Armstrong responded:
"And I think everybody shares that observation. And I don't know why you have that impression, but it's so small, it's very colorful -- you know, you see an ocean and gaseous layer, a little bit, just a tiny bit, of atmosphere around it. And, compared with all the other celestial objects -- which, in many cases, are much more massive, more terrifying -- it looks like it couldn't put up a very good defense against a celestial onslaught."
It's a touching
comment, evocative, deeply human in its tone of protectiveness and affection
-- and the antithesis of the engineer-speak that routinely issues from Armstrong's
mouth.
Yet, it also hints at the reason for his usual tight-lipped answers and his
abhorrence of fame in a celebrity-addicted age -- a different sort of protectiveness,
a desire to guard the first moon landing from the rot of triviality and to
put his role in the achievement in proper perspective.

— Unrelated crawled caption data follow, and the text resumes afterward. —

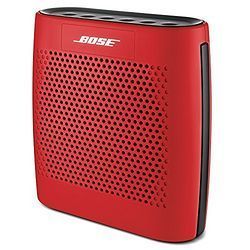 BOSE SoundLink Colour 蓝牙音箱 红色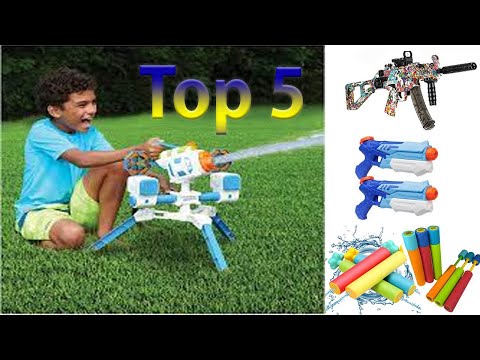 Top 5 Best Water Blaster on Amazon || Amazons Top 5 Gel Blasters 2022 ||Awry Gadgets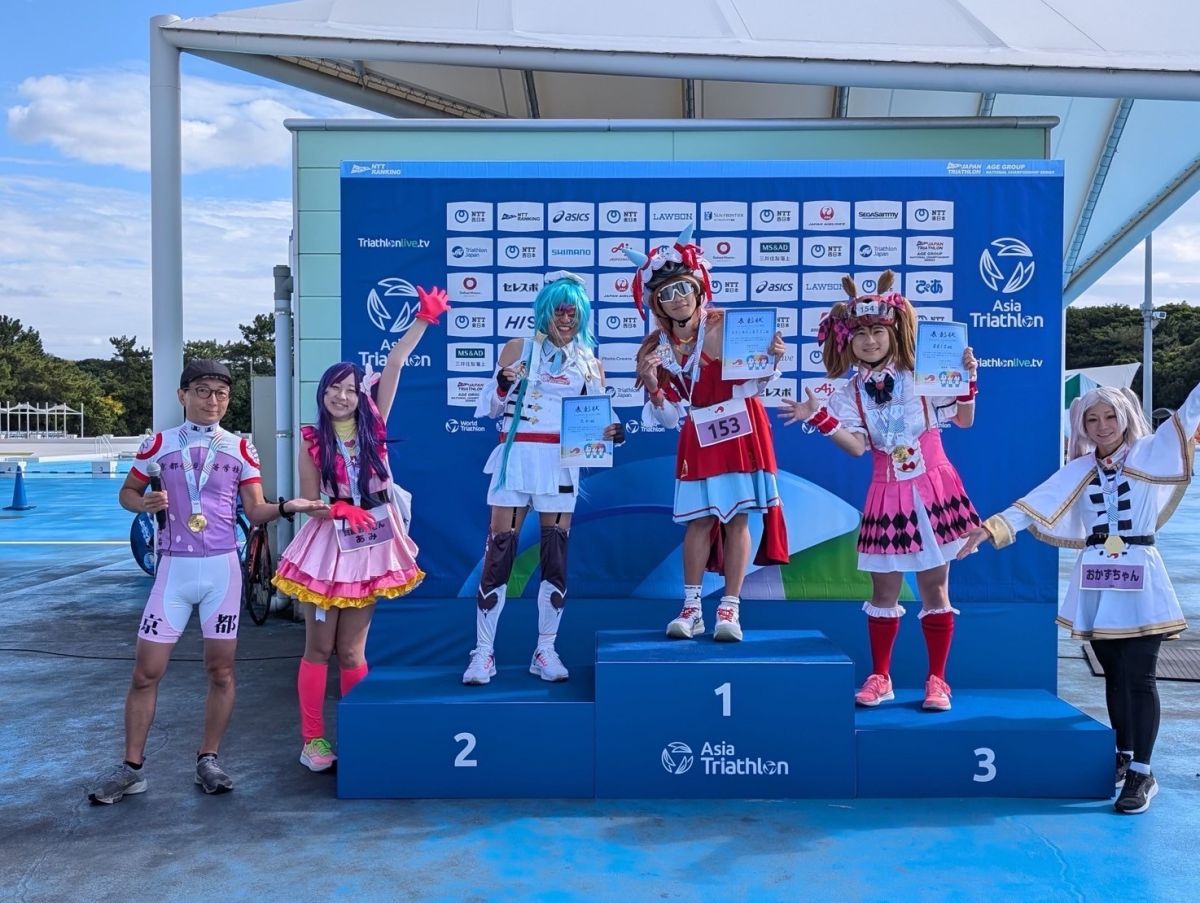 第一回『千葉シティトライアスロンのキャラクターデュアスロン』参加レポートをお送りしました！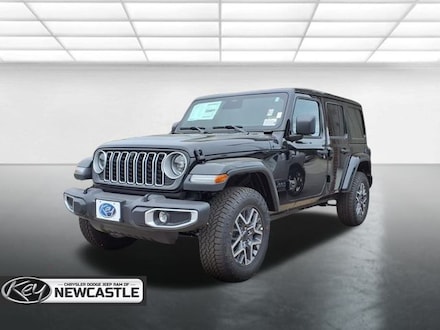 2025 Jeep Wrangler Sahara Sport Utility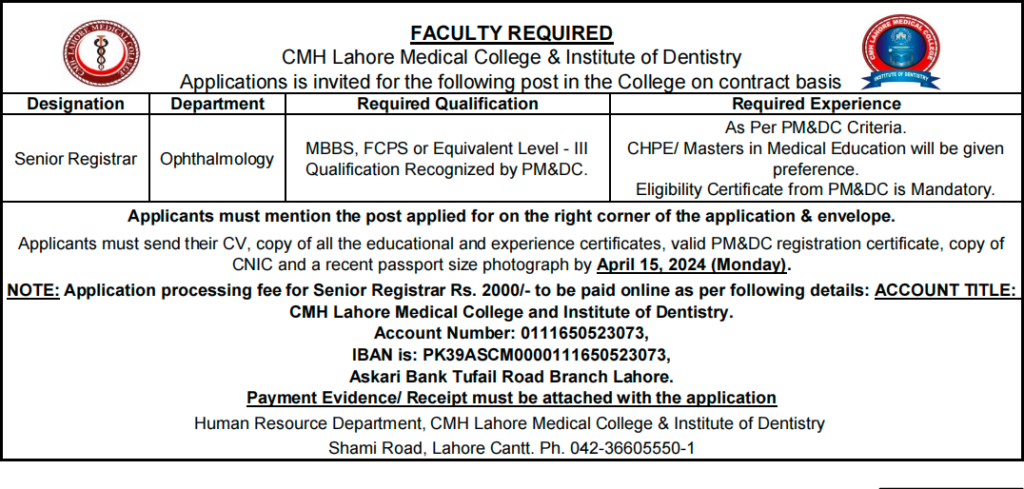  CMH Medical College and Institute of Dentistry 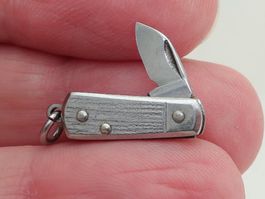 Miniatur Sackmesser Buehler Langenthal kein Victorinox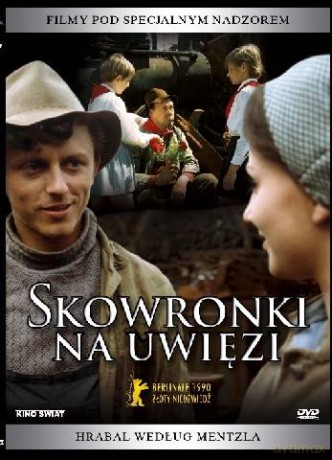 Skowronki na uwięzi [DVD]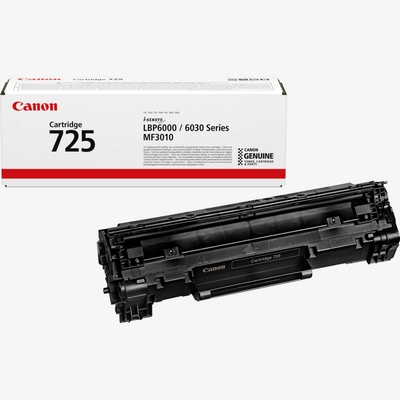 Canon 725 Black Original Toner Cartridge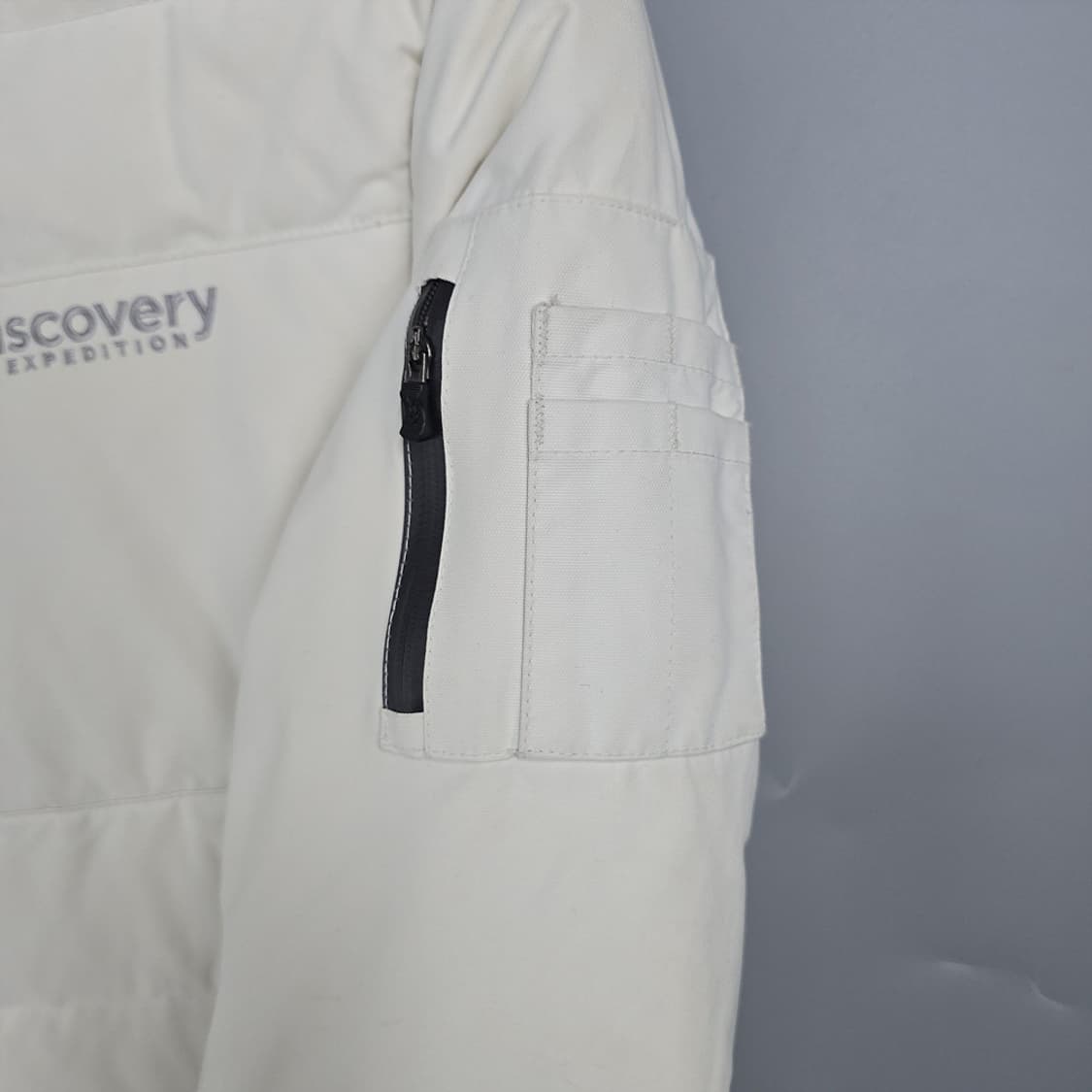 디스커버리 경량 다운 블루종 95 상품이미지5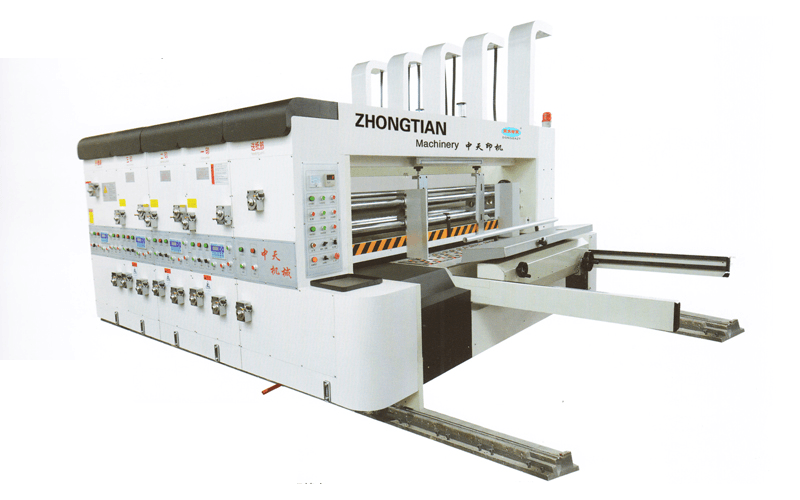 Lead Edge Feeding Flexo Printer Slotter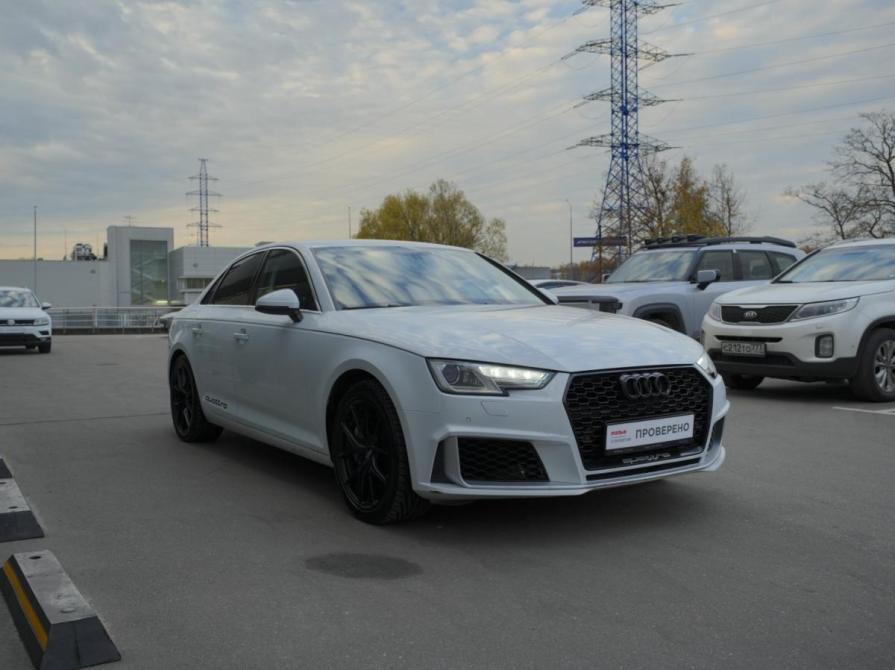 Audi A4 V (B9) Москва  - изображение 23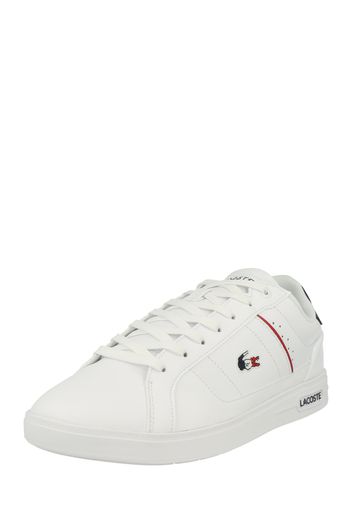 LACOSTE Sneaker bassa 'EUROPA PRO'  navy / rosso / bianco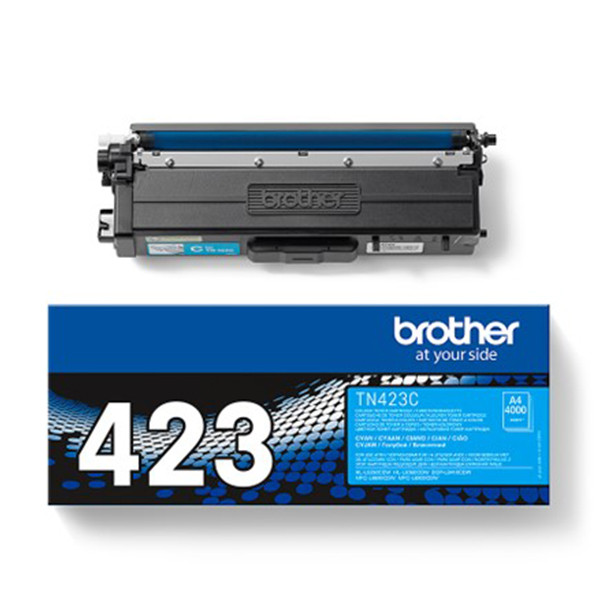 Brother TN-423C toner cyaan hoge capaciteit (origineel) TN423C 051120 - 1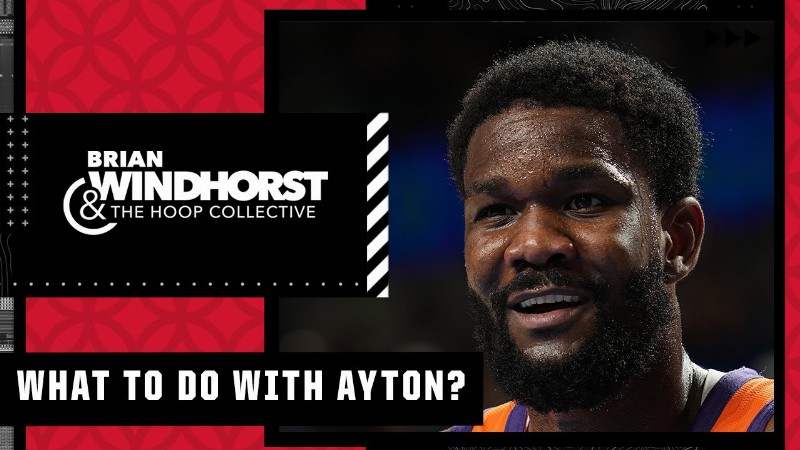 image 0 What Will The Suns Do With Deandre Ayton? : The Hoop Collective
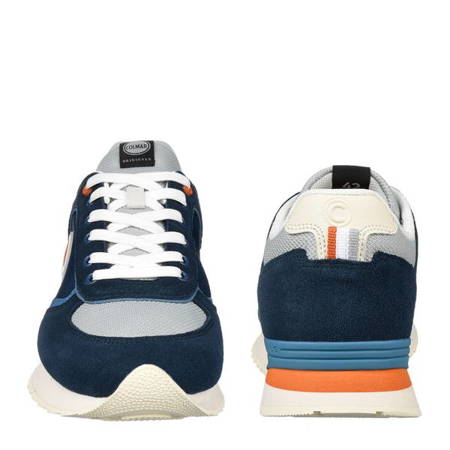 Sneakersy męskie COLMAR Travis Block navy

"He gave a dignity that an accomplishment of that magnitude deserved," says Duane Ross, who oversees the oral history project under which the Johnson Space Center interview took place last year.
"He didn't want to market the moon," says Douglas Brinkley who, with fellow historian Stephen Ambrose, conducted the interview.
Indeed,
Brinkley argues that Armstrong's shunning of the spotlight shows that he was
"the absolute right guy" to take the first moon walk. "This
is an accomplishment that needs to be treasured and held in such esteem,"
Brinkley says, "because anything that would taint it with a Madison Avenue
glint would be a bad statement about our country."
When Armstrong sat down at the Johnson Space Center on Sept. 19, 2001, for
the interview with Brinkley and Ambrose, he was dressed in a checkered sport
coat, a blue Oxford shirt and a dark blue necktie with "a galaxy of yellow
stars on it," Brinkley recalls.
"He's perfectly fit and trim, with piercing blue eyes -- [and, although balding,] still exudes a kind of boyish demeanor, has an All-American look to him."
Like most
Americans, the two historians, who had been asked by the space center to conduct
the interview, were excited simply to be in the same room with the lunar pioneer.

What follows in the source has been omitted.